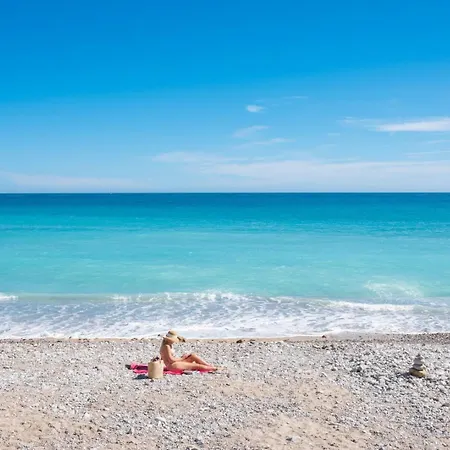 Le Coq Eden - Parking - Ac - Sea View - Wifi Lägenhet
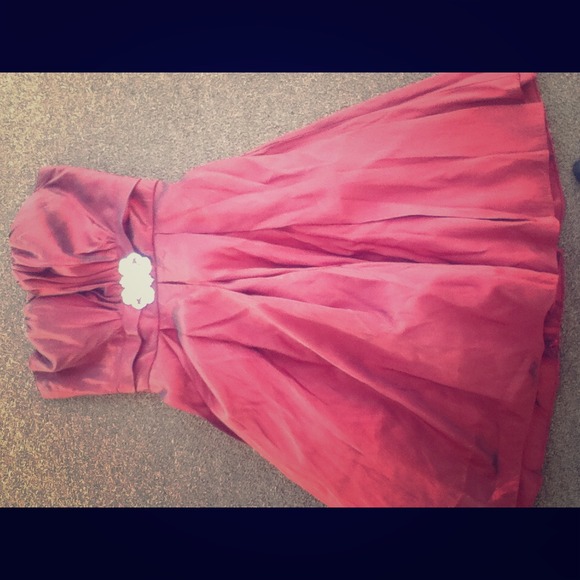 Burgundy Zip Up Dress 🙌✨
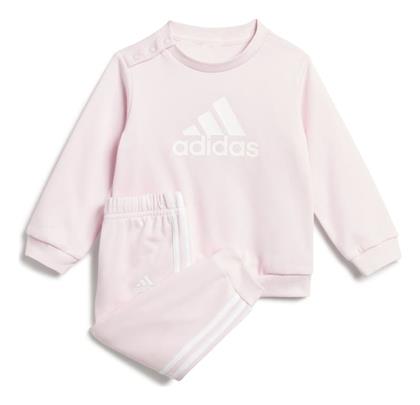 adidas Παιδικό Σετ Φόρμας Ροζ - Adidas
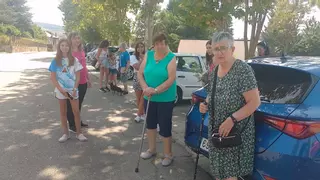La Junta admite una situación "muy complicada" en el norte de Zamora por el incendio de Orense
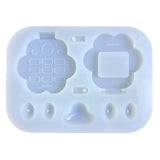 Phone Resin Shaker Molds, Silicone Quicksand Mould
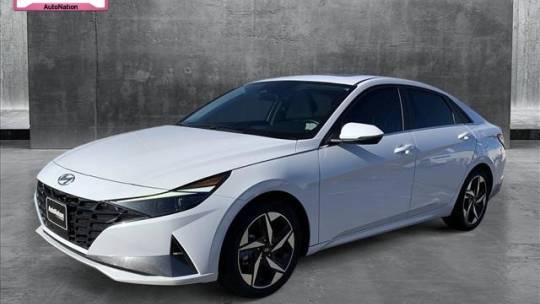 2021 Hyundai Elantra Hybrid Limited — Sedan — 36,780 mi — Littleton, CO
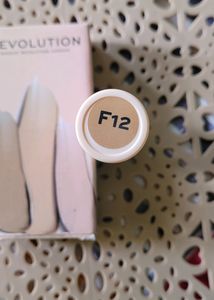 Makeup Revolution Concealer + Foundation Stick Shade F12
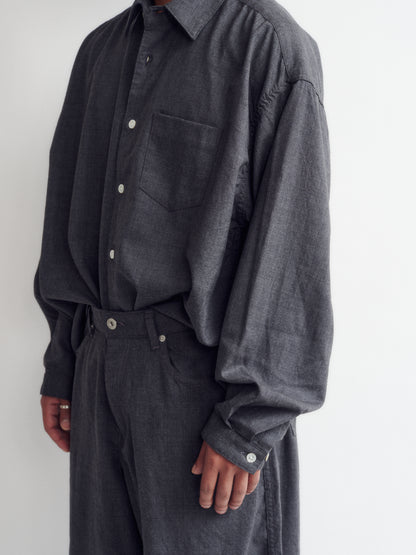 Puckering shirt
□ □ □ □ □
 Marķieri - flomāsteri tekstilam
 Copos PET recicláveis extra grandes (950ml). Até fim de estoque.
□ □ □ □ □
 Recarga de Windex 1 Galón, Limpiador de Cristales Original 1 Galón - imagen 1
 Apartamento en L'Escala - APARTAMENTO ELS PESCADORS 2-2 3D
□ □ □ □ □
Taking the material above, give again exactly the lines from the one holding "Le Coq Eden" through the one holding "Puckering shirt", with both ends and without pictures.

*Written response:*
 Le Coq Eden - Parking - Ac - Sea View - Wifi Lägenhet
 Burgundy Zip Up Dress 🙌✨
 adidas Παιδικό Σετ Φόρμας Ροζ - Adidas
La Junta admite una situación "muy complicada" en el norte de Zamora por el incendio de Orense
 Phone Resin Shaker Molds, Silicone Quicksand Mould
 2021 Hyundai Elantra Hybrid Limited — Sedan — 36,780 mi — Littleton, CO
 Makeup Revolution Concealer + Foundation Stick Shade F12
 Puckering shirt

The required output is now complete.